Tak dilupakan pula kritik megenai kedudukan para pembesar
yang berada di kota besar. Cerpen “Ah,
Jakarta” memaparkan kritik terhadap kebiasaan para pejabat yang kapan saja
dapat beganti barang kesukaannya. Yang mengerikan bagi kita, mereka membeli
barang kesukaannya tanpa membayar. Angkat telepon, barang datang dan sudah
dibayar oleh sesorang. Misalnya, pada suatu malam seorang pejabat didatangi
oleh perampok dan mereka menodongkan pistol kepadanya meminta barang-barang
yang ada agar diserahkan. Namun, dengan tenang ia mengatakan, “Silakan ambil barang itu.” Cermati
kutipan berikut.
“Pernah kami masuk ke rumah orang kaya di
Kebayoran. Yang punya rumah bagus dan menjemput kami di ruang tengah dengan
pistol di tangan. Kami siap berkelai. Tapi tuan rumah justru menawarkan
barang-barangnya. Hanya satu permintaannya, agar kami tidak ribut-ribut.

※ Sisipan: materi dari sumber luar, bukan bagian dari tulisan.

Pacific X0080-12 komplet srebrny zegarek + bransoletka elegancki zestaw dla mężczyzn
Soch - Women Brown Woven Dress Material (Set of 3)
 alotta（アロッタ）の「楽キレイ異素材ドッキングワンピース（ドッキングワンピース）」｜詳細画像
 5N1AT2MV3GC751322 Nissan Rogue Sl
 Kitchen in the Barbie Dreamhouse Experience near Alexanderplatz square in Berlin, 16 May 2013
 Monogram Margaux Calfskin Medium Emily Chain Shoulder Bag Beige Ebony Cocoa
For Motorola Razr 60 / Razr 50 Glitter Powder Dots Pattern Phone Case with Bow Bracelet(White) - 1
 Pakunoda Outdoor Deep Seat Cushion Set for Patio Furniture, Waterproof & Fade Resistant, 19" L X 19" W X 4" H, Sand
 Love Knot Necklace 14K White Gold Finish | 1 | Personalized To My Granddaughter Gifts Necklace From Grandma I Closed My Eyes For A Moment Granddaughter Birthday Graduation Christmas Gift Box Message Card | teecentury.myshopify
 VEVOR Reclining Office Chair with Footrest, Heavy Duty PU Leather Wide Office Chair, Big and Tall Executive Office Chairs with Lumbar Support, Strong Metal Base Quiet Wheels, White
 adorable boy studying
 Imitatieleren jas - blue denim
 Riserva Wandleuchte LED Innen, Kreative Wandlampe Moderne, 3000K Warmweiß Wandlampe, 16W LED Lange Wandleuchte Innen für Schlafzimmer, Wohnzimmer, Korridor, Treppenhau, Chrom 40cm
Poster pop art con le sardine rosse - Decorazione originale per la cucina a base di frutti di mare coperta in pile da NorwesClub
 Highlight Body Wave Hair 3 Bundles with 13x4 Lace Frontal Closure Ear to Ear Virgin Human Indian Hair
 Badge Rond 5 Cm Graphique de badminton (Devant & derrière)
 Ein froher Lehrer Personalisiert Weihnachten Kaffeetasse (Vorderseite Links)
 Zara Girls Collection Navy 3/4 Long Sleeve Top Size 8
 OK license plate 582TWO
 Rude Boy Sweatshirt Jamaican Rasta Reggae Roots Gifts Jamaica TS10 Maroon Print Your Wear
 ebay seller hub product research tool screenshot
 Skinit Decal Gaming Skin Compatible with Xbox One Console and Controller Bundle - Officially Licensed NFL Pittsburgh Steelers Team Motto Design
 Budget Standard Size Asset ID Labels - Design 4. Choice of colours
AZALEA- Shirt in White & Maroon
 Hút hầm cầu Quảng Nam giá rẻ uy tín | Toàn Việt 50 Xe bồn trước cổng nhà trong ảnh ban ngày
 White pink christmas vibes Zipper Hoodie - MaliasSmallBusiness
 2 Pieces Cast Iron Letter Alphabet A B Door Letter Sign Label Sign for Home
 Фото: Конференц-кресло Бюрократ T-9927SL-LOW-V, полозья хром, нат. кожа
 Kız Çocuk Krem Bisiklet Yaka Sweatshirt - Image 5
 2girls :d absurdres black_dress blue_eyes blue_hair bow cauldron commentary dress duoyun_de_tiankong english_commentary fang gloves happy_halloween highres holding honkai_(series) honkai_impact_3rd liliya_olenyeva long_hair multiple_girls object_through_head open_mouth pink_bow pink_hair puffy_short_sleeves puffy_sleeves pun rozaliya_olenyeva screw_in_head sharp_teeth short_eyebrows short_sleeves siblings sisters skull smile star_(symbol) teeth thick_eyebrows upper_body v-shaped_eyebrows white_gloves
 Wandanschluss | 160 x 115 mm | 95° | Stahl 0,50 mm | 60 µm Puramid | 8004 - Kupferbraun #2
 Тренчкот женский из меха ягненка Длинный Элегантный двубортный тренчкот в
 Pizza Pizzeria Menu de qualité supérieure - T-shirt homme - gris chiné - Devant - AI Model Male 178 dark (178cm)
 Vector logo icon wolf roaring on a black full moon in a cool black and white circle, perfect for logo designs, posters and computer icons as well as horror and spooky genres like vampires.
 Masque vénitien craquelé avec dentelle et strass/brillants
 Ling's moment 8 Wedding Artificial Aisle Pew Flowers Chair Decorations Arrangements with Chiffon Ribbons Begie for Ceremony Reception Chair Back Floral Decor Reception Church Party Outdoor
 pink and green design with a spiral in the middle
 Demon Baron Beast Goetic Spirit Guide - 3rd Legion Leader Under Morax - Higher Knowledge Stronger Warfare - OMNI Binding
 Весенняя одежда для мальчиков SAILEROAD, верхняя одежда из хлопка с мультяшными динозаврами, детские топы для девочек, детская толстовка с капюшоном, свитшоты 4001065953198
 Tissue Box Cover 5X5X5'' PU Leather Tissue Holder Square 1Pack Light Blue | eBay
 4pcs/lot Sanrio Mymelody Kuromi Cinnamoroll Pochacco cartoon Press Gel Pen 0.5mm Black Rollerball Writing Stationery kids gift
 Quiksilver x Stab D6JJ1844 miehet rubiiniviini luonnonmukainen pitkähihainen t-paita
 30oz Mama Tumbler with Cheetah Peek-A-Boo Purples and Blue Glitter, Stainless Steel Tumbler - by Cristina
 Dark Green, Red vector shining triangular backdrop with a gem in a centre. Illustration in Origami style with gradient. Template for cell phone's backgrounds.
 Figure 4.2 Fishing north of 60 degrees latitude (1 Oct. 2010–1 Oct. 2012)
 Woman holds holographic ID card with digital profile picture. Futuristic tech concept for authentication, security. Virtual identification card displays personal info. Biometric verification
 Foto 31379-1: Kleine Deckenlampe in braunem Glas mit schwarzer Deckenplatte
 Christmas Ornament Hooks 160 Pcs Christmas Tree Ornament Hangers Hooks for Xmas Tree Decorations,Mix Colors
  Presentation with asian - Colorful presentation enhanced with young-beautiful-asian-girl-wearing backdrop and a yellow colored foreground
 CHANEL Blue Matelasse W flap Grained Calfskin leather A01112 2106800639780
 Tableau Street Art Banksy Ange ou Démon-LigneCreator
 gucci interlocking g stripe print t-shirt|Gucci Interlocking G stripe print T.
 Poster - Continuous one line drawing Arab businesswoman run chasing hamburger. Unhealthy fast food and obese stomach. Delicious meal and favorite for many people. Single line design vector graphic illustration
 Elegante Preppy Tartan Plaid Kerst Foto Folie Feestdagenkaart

Dikemudian hari kami tahu bahwa yang kami rampok adalah seorang pejabat
penting. Di rumah itu sedang ngendon dengan istri muda . Daripada heboh masuk
koran, maka ia ambil jalan yang baik bagi kami dan amat bijak.” (hlm. 30).
Dua bentuk
sindiran di atas, yaitu priyayi dan pejabat merupakan sebuah indikator yang
dikritik oleh pengarang mengenai kondisi sosial zaman sekarang. Priyayi zman
sekarang ternyata berbeda dengan priyayi zaman dahulu. Priyayi zaman sekarang
dinilai oleh pengarang sebagai masyarakat yang kurang berharga. Berbeda dengan
priyayi zaman dulu. Gambaran tersebut diungkapkan oleh Tohari dalam sebuah
perbandingan pohon jengkol yang tidak mau menjadi tutup lahatnya ketika mereka
meninggal. Sebuah sikap pengarang yang perlu dicontoh. Sebuah penolakan
terhadap kedholiman.
Kedua cerpen
di atas hampir setiap kalimatnya berisikan sindiran yang bernada
mengkritik. Sindiran terhadap para priyayi (pegawai). Dulu mereka bekerja untuk
mengabdi dan melayani rakyat. Priyayi zaman sekarang sebaliknya, ingin
dilayani oleh rakyat seperti halnya raja. Melalui cerpen ini, pengarang
menyodorkan kritik bahwa priyayi zaman sekarang miskin akan nilai-nilai
kemanusiaan yang sejati. Mereka cenderung mementingkan diri sendiri dan
golongannya. Mereka kurang memahami penderitaan rakyat banyak. Itulah sebabnya,
pohon jengkol saja tidak mau menjadi tutup liang lahatnya.
Sifat
hedoisme, mementingkan dunia belaka juga mendapat sorotan pengarang yaitu ada
cerpen “Rumah yang Terang”. Aspek sosial lainnya seperti perilaku masyarakat
yang lupa akan asal-usulnya setelah mendapatkan kenikmatan juga mendapat
kritikan seperti dalam cerpen “Kenthus”. Pergeseran nilai sosial yang berubah
menjadi kebobrokan moral dipaparkan dalam cerpen “Blokeng”. Cerpen ini
menggambarkan ketidakpedulian masyarakat terhadap penderitaan tokoh Blokeng
(gadis tidak normal) yang terlah hamil tanpa diketahui siapa yang menghamili.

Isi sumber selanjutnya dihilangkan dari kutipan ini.